## EXERCISE REQUIREMENTS:
Starting at the top of the data and ending with the line that holds "Boom Box - Transparent", transcribe each line exactly; include both ends.
== Segment start ==
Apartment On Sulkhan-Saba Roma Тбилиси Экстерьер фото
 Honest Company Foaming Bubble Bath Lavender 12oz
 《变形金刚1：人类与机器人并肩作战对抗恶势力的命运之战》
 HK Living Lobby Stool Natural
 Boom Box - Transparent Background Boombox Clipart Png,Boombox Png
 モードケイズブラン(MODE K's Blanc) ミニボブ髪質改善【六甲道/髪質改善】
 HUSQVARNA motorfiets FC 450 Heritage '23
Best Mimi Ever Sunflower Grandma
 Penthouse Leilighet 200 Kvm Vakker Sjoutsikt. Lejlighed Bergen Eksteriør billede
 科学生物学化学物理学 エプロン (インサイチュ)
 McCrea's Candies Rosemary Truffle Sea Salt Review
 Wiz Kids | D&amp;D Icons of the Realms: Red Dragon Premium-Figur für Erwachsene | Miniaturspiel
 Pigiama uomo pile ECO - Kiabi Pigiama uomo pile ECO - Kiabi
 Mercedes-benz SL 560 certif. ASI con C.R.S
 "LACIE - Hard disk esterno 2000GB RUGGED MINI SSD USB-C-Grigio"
== Segment end ==
## SOLUTION TO THE PROBLEM:
Apartment On Sulkhan-Saba Roma Тбилиси Экстерьер фото
 Honest Company Foaming Bubble Bath Lavender 12oz
 《变形金刚1：人类与机器人并肩作战对抗恶势力的命运之战》
 HK Living Lobby Stool Natural
 Boom Box - Transparent Background Boombox Clipart Png,Boombox Png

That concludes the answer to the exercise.